For a long time, scientists noticed that tumors secrete factors that suggest there were viruses present inside the tumors too. But even when they searched high and low, no viruses were found within the tumors. But a recent study has finally unveiled the mystery: cancer cells force nearby healthy cells to secrete viral-like proteins for its defense.
"The conundrum was that in most cases, there was no viral infection in these tumors," said Andy J. Minn, an associate professor of Radiation Oncology at Penn, and the study’s senior author. "We've been studying this problem for many years, and it's a puzzle we were motivated to solve because cancers with this kind of anti-viral signaling can be particularly aggressive."
Minn and his team found that the cancer cells force surrounding fibroblasts to secrete vial-like genetic material inside small fluid-filled sacs known as exosomes. Specific to breast cancer cells, the fibroblasts were making exosomes rich in an RNA known as RN7SL1 , which resembles viral RNA at one end. With this viral-mimic exposed, the tissue responds as if there are viruses present, and this response can further enable the growth of the tumor.

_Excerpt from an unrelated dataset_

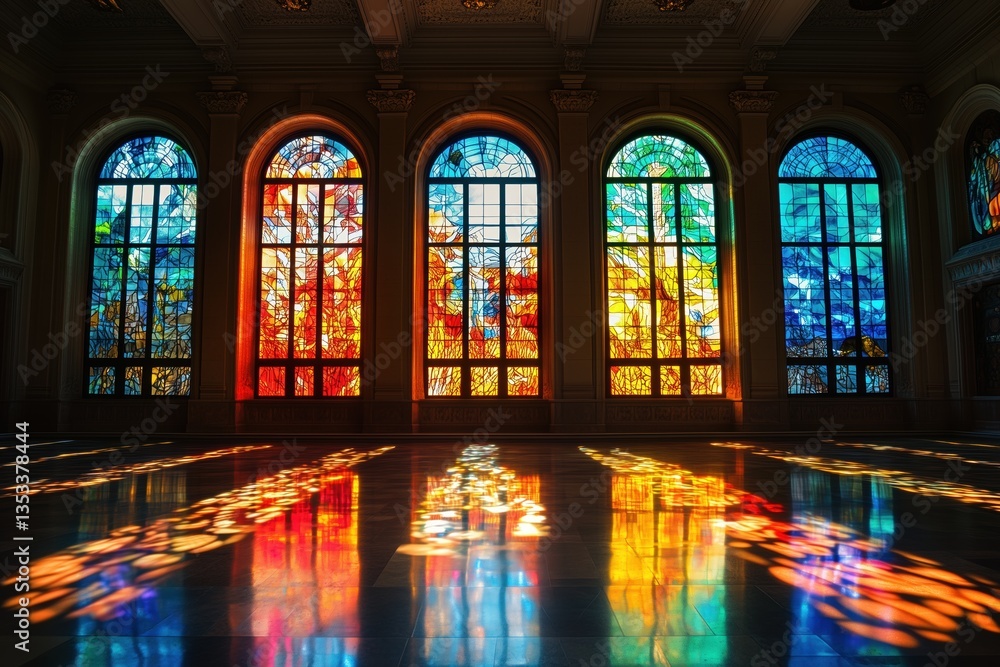 Obraz premium A spacious interior with large stained glass windows casting colorful reflections on the floor. The windows feature intricate designs in vibrant hues, creating a serene and artistic atmosphere.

"The ability of cancer cells to specifically instruct the fibroblasts to expose the viral-like end of RN7SL1 is a key discovery," said Minn. "If the end remains covered, breast cancer cells wouldn't treat these exosomes like a virus, making them less likely to progress and more likely to respond to treatment. On the other hand, if the end is always exposed, cells would react as if they are infected with a virus all the time."

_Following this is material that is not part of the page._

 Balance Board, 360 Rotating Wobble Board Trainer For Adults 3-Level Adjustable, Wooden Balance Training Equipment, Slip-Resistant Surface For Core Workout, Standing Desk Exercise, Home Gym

The researchers think this manipulation of fibroblast cells could explain the inflammatory nature of some aggressive types of breast cancers. In particular, triple-negative and BRCA1 are two aggressive types of breast cancers that have high viral responses. Singling out the mechanism behind this response could lead to specific alternative treatments that improve the outcomes for these cancer types.
"Since we can test the blood of cancer patients to measure the presence of exposed RN7SL1 in exosomes, we can potentially identify patients whose cancers will be the most aggressive because of this virus mimic," Minn said. "Now that we understand how the exposed RNA is generated, we can look to potential therapeutic targets."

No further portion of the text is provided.